The challenge for Romney is that even as he advocates for a more muscular projection of American power in the world, he cannot beat the drums too loudly. Iran, in particular, has always held risks for Romney, lest his aggressive rhetoric leave the electorate with the sense that his team--populated as it is by former W. neocon hands--would lead us once again down the path to war. There is little appetite for a new war across the American electorate, as Republicans and Democrats alike have come to doubt the effectiveness of our war policies of the past decade. Romney's attack must parse the question of what he would do differently, even as he avoids rhetoric that might imply moving down the slippery slope toward putting American boots once again on the ground in a hostile Muslim land.

The civil war in Syria presents a far more complex situation, and one that will als be a front-burner issue for the next president. But unlike Iran, the Syrian conflict is one in which the strategic American interest remains unclear, even as the calls for more substantive American action grows. It is a conflict of multiple dimensions, with myriad parties, each with their own strategic interests. At this point, at least four distinct dimensions to the conflict have emerged.

First, there is the Syrian civil war, where a coalition of secular and Islamist groups have embraced their own version of the Arab Spring, seeking to wrest control of their country from Bashar al-Assad and his regime. The Obama administration has stepped very gingerly into that conflict--much to the chagrine of some administration opponents. We have put down our marker by demanding that Assad go, but we have stopped short of providing arms to the rebels. The rebel coalition has no defined political agenda upon which they agree, and accordingly we have declined to arm the collective rebel movement, concerned that the Sunni insurgency we arm today may well become the adversary we fight tomorrow.
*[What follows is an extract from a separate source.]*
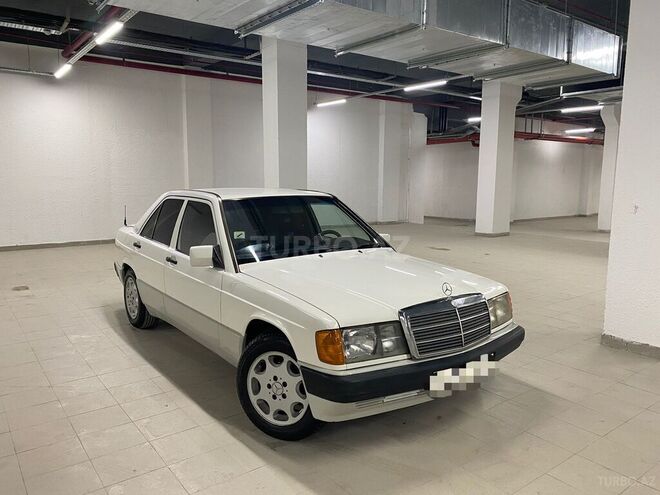 Mercedes 190 1992, 388,000 km - 2.0 l - Bakı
At the next level, the Syrian conflict has morphed into a regional Shia-Sunni conflict. Our Arab allies, primarily the Sunni regimes in Saudi Arabia and Qatar, are arming the rebels in our stead. But those arms are largely flowing to Sunni Islamist groups within the rebel coalition. Other support for the rebel coalition is coming from Turkey--long a dominant Sunni power--as well as al Qaeda and Iraqi Sunni militant groups. On the other side, support for the Syrian Alawite regime is coming from Shia state and non-state actors including Iran, Lebanon's Hezbollah and elements of the Iraqi Shia-led government.
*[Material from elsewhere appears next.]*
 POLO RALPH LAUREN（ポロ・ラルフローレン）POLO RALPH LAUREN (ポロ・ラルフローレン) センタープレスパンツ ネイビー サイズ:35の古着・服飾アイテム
On the regional level, the Syrian conflict has become the first context for the re-emergence of the three-way battle for regional power among the historically dominant countries within the region: Turkey, Iran and Egypt. Those three countries have each had their historical millenia of regional dominance, and each take great pride in their rightful roles as regional powers. With the new emergence of Egypt under Muhammed Morsi, and Turkey's turn away from Europe back to the Middle East, we are beginning to see those three countries asserting themselves in the region--and against each other.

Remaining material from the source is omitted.